This page was generated by nbsphinx from docs/examples/Caches.ipynb.
Interactive online version: Binder badge Google Colab badge

Speasy caches levels analysis

Only for Google Colab users:

[ ]:
%pip install --upgrade ipympl speasy
[ ]:
try:
    from google.colab import output
    output.enable_custom_widget_manager()
except:
    print("Not running inside Google Collab")

For all users:

[ ]:
import speasy as spz
%matplotlib widget
amda_tree = spz.inventories.tree.amda
# Use this instead if you are not using jupyterlab yet
#%matplotlib notebook
import matplotlib.pyplot as plt
from datetime import datetime

[1]:
import speasy as spz

amda_tree = spz.inventories.tree.amda
%matplotlib widget
# Use this instead if you are not using jupyterlab yet
#%matplotlib notebook
import matplotlib.pyplot as plt
from datetime import datetime, timedelta
import time
import numpy as np

First ensure that speasy is setup to use SciQLop cache

[2]:
spz.config.proxy.url.set('http://sciqlop.lpp.polytechnique.fr/cache-dev')
spz.config.proxy.enabled.set(True)
[3]:
start_time = datetime(2016, 6, 2)
stop_time = datetime(2016, 6, 8)
reference_data = spz.get_data(amda_tree.Parameters.ACE.MFI.ace_imf_all.imf, start_time, stop_time, progress=False)
print(f"Data shape: {reference_data.values.shape}")
print(f"Data size in Bytes: {reference_data.nbytes}")
Data shape: (32400, 3)
Data size in Bytes: 1039238
[4]:
def times(f, *args, n=10, **kwargs):
    def time_once():
        start = time.perf_counter_ns()
        f(*args, **kwargs, progress=False)
        stop = time.perf_counter_ns()
        return (stop - start) / 1e6

    return [time_once() for _ in range(n)]

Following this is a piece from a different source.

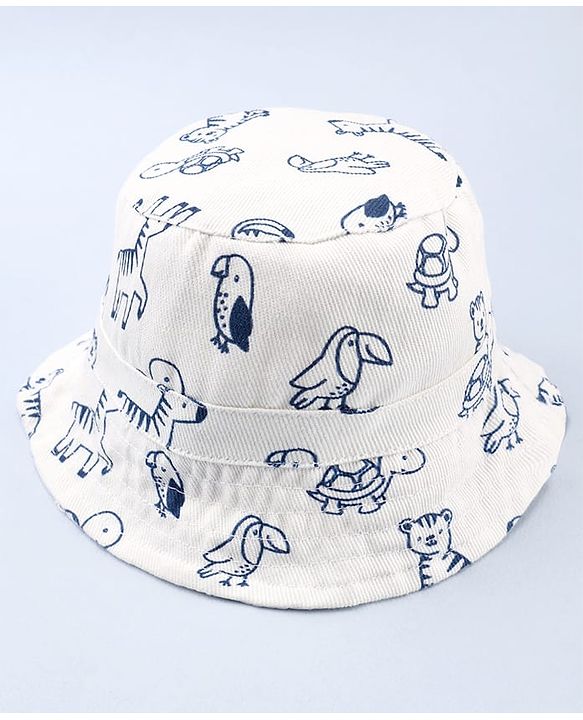 Babyhug Twill Woven Bucket Cap With Animal Print White - Diameter 20.5 cm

def best_99_percent(times):
    return sorted(times)[:int(len(times)*.99)]

def best_90_percent(times):
    return sorted(times)[:int(len(times)*.9)]

Cache level comparison

Then request data several times with all 3 configurations:

  • without any cache, each time speasy will download data from AMDA

  • with remote cache only, each time speasy download data from our remote cahe hosted here

  • with local cahe, each time after the first request speasy will load data from your disk

[5]:
durations_without_any_cache = times(spz.get_data, amda_tree.Parameters.ACE.MFI.ace_imf_all.imf, start_time, stop_time,
                                    disable_cache=True, disable_proxy=True, n=10);
durations_with_remote_cache = times(spz.get_data, amda_tree.Parameters.ACE.MFI.ace_imf_all.imf, start_time, stop_time,
                                    disable_cache=True, n=1000);
durations_with_local_cache = times(spz.get_data, amda_tree.Parameters.ACE.MFI.ace_imf_all.imf, start_time, stop_time,
                                   n=10000);
[6]:
fig, axs = plt.subplots(3, 1, figsize=(6, 10))
for i, data, title in ((0, best_99_percent(durations_without_any_cache), 'Without any cache'),
                       (1, best_99_percent(durations_with_remote_cache), 'With only SciQLop remote cache'),
                       (2, best_99_percent(durations_with_local_cache), 'With local on disk cache')):
    axs[i].hist(data)
    axs[i].set_xlabel('Execution time (ms)')
    axs[i].set_title(title)

fig.suptitle('Execution time distributions for each conf', fontsize=16)
plt.tight_layout()
plt.show()
[7]:
fig, ax = plt.subplots()
ax.violinplot([best_99_percent(durations_without_any_cache), best_99_percent(durations_with_remote_cache), best_99_percent(durations_with_local_cache), ], showmeans=False,
              showmedians=True)
ax.set_xticks([1, 2, 3], labels=['without', 'remote', 'local'])
ax.set_ylabel('Execution time (ms)')
plt.semilogy()
fig.suptitle('Comparison plot', fontsize=16)
plt.tight_layout()
plt.show()

Scaling

On disk cache scaling

[8]:
start_time = datetime(2016, 6, 2)


def scaling_point(delta):
    stop_time = start_time + timedelta(hours=delta)
    data = spz.get_data(amda_tree.Parameters.ACE.MFI.ace_imf_all.imf, start_time, stop_time)
    capacity = data.nbytes
    t = best_90_percent(times(spz.get_data, amda_tree.Parameters.ACE.MFI.ace_imf_all.imf, start_time, stop_time, n=200))
    return capacity, t


deltas = np.logspace(np.log10(100), np.log10(5000), num=10)
values = [scaling_point(delta) for delta in deltas]


fig, ax = plt.subplots()
stats = [t for c, t in values]
capacities = np.array([c for c, t in values])
ax.violinplot(stats, positions=capacities, widths=np.gradient(capacities), showmeans=False, showmedians=True)
ax.set_ylabel('Execution time (ms)')
ax.set_xlabel('Loaded data size (Bytes)')
fig.suptitle('On disk cache scaling', fontsize=16)
plt.tight_layout()
plt.loglog()
plt.show()

SciQLop remote cache scaling

[9]:
start_time = datetime(2016, 6, 2)


def scaling_point(delta):
    stop_time = start_time + timedelta(hours=delta)
    data = spz.get_data(amda_tree.Parameters.ACE.MFI.ace_imf_all.imf, start_time, stop_time, disable_cache=True)
    capacity = data.nbytes
    t = best_90_percent(times(spz.get_data, amda_tree.Parameters.ACE.MFI.ace_imf_all.imf, start_time, stop_time, disable_cache=True,
              n=20))
    return capacity, t


deltas = np.logspace(np.log10(100), np.log10(5000), num=10)
values = [scaling_point(delta) for delta in deltas]

fig, ax = plt.subplots()
stats = [t for c, t in values]
capacities = np.array([c for c, t in values])
ax.violinplot(stats, positions=capacities, widths=np.gradient(capacities), showmeans=False, showmedians=True)
ax.set_ylabel('Execution time (ms)')
ax.set_xlabel('Loaded data size (Bytes)')
fig.suptitle('SciQLop remote cache scaling', fontsize=16)
plt.tight_layout()
plt.loglog()
plt.show()